Donc selon vous, il ne fallait pas reprendre les sanctions de l’Union européenne?

Il faut reprendre celles de l’ONU, car avec celles de l’UE, nous entrons dans un conflit économique. D’autre part, nous devons assurer le «courant normal», cela signifie que notre pays doit éviter le contournement des mesures coercitives non militaires prises par d’autres Etats.

N’est-ce pas contradictoire d’affirmer qu’il faut reprendre les sanctions onusiennes alors que vous étiez contre l’adhésion à l’ONU et contre la présence suisse au Conseil de sécurité?

Non, nous respectons la démocratie directe. Nous nous battons durant la campagne et si nous perdons, nous respectons ce que les gens ont décidé, contrairement à d’autres partis qui, mauvais perdants, n’appliquent pas les décisions sur l’expulsion des criminels étrangers ou l’immigration de masse. Ce qui me préoccupe, c’est que nous rentrons dans une dynamique de guerre froide.

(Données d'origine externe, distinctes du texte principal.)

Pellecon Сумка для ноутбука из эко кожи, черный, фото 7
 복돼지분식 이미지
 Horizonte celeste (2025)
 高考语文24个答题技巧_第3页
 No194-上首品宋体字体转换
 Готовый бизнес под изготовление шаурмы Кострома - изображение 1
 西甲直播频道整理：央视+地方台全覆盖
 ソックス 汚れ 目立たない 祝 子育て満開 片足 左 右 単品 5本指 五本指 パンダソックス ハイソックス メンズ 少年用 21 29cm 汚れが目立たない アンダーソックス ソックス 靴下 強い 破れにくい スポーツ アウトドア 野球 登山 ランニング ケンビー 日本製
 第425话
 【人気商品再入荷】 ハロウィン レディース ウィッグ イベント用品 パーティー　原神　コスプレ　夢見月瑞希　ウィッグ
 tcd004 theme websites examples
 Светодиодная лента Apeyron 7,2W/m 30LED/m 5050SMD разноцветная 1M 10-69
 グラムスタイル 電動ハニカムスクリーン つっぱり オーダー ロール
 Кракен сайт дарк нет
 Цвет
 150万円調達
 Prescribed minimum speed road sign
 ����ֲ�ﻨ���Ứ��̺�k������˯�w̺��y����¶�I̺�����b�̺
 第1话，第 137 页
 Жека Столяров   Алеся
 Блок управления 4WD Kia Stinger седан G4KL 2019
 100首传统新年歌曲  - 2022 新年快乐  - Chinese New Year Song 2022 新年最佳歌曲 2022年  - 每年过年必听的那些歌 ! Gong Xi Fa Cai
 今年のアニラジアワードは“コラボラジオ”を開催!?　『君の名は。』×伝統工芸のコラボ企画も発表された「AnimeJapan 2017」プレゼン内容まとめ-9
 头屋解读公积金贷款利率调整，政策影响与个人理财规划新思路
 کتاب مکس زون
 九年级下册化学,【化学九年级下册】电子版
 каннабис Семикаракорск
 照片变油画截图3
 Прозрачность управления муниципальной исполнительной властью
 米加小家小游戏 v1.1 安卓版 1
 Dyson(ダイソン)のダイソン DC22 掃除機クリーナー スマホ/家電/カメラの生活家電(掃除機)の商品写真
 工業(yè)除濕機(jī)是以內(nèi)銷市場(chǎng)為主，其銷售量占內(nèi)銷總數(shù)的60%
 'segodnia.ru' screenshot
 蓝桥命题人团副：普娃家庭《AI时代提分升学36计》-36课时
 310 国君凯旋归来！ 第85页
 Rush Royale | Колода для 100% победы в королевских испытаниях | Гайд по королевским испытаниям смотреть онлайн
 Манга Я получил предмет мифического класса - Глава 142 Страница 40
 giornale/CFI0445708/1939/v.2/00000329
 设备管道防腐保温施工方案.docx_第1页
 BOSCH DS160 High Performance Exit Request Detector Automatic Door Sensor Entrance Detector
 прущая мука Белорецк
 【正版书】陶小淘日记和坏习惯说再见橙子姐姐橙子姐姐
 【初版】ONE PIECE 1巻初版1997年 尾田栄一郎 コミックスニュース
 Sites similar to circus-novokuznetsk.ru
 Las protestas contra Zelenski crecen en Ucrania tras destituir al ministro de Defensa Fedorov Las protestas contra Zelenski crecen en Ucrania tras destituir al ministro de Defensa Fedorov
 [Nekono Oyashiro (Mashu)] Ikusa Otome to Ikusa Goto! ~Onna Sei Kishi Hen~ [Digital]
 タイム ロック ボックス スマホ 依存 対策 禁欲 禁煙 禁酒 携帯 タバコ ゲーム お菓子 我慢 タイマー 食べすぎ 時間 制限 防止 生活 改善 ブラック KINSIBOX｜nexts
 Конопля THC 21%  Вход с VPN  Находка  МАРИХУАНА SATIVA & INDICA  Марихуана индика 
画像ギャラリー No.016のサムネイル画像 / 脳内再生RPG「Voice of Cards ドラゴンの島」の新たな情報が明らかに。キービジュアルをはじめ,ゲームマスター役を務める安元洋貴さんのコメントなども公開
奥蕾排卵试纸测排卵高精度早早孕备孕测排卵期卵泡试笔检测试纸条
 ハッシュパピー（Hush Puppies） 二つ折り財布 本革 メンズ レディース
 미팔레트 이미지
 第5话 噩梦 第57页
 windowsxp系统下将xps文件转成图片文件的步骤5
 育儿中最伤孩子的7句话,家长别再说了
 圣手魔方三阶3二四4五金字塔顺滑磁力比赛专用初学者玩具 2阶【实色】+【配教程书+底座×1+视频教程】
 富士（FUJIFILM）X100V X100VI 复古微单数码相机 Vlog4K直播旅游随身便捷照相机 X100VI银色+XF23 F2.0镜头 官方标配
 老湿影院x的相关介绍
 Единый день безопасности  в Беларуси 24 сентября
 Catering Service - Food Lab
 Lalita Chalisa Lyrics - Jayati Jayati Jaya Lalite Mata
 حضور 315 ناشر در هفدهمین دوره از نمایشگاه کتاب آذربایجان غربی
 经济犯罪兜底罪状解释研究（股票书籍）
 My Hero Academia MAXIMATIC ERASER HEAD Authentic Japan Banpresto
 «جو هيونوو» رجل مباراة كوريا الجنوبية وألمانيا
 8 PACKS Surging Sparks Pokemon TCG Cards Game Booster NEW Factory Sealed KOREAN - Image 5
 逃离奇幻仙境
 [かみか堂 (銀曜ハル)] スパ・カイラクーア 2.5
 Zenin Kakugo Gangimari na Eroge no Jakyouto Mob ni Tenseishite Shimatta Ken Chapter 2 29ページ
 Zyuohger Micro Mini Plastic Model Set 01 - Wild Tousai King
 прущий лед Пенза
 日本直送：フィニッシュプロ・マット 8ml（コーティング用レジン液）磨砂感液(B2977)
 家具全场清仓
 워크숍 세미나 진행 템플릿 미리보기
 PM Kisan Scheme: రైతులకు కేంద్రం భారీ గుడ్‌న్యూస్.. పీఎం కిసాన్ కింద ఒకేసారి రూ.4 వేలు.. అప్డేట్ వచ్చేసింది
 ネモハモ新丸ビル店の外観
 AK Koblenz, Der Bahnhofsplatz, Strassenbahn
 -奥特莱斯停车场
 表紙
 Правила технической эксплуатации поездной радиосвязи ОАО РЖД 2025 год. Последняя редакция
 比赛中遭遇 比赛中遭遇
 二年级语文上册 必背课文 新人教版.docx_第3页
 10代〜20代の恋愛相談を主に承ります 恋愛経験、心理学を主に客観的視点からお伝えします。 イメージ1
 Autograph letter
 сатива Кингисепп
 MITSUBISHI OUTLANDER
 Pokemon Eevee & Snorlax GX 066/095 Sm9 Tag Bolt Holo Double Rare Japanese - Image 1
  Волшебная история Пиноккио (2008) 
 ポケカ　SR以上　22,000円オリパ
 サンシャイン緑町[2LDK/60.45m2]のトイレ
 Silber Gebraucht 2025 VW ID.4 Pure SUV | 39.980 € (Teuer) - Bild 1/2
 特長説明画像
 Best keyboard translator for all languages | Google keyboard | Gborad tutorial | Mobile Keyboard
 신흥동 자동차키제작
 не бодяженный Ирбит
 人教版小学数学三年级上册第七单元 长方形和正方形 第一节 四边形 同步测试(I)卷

Le monde n’arrive plus à se parler, c’est un problème pour les futures générations. Je suis convaincu que la Suisse a un rôle à jouer pour maintenir une communication ouverte.

Marco Chiesa à Berne, mars 2023. — © Marco Zanoni / Lunax pour Le Temps
Marco Chiesa à Berne, mars 2023. — © Marco Zanoni / Lunax pour Le Temps

Vous voulez faire de la migration un thème fort comme en 2015, mais aujourd’hui la situation est différente, il y a un grand manque de main-d’œuvre en Suisse.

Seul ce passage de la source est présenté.